# Analysis-6 Design Your Own Question

Now that you’ve found the answers to the questions above, design two of your own questions to answer. These should be sufficiently difficult, and you should be creative! You should start with a question, and then propose a predicted answer or hypothesis before writing a MapReduce job to answer it.
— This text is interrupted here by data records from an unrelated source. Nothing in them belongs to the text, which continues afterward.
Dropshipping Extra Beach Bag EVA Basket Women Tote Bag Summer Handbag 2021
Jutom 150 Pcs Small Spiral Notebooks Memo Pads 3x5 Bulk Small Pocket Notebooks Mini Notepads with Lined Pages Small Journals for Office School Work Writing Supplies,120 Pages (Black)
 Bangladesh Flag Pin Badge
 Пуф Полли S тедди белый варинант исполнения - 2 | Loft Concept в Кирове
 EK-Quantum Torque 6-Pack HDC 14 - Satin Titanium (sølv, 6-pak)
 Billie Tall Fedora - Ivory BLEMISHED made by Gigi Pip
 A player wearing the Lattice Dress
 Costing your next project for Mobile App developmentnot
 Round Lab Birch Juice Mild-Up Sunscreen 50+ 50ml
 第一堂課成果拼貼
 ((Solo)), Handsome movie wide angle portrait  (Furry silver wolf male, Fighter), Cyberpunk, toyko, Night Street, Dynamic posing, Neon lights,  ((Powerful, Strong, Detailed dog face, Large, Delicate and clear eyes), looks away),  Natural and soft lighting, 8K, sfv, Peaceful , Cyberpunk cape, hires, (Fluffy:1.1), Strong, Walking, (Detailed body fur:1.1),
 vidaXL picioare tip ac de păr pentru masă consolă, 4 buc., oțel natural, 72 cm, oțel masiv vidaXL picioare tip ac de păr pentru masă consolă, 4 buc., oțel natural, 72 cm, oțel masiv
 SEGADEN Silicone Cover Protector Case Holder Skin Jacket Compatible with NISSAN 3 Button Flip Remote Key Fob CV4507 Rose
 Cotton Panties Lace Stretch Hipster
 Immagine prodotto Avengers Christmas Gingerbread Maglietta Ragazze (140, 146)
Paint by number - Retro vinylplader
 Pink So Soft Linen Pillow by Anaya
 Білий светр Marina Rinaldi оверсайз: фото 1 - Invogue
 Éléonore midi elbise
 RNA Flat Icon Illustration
If you come up with a particularly challenging question, it can count for two (ask first).

# Prediction About Upcoming New Reddit User Numbers (Apply ML Model) 

Based on the given data set, we will find the unique user numbers in reddit for each month and then we will make prediction for upcoming month's unique user numbers. (We will use ML models) By doing this reddit development team can prepare themselves for upcoming load.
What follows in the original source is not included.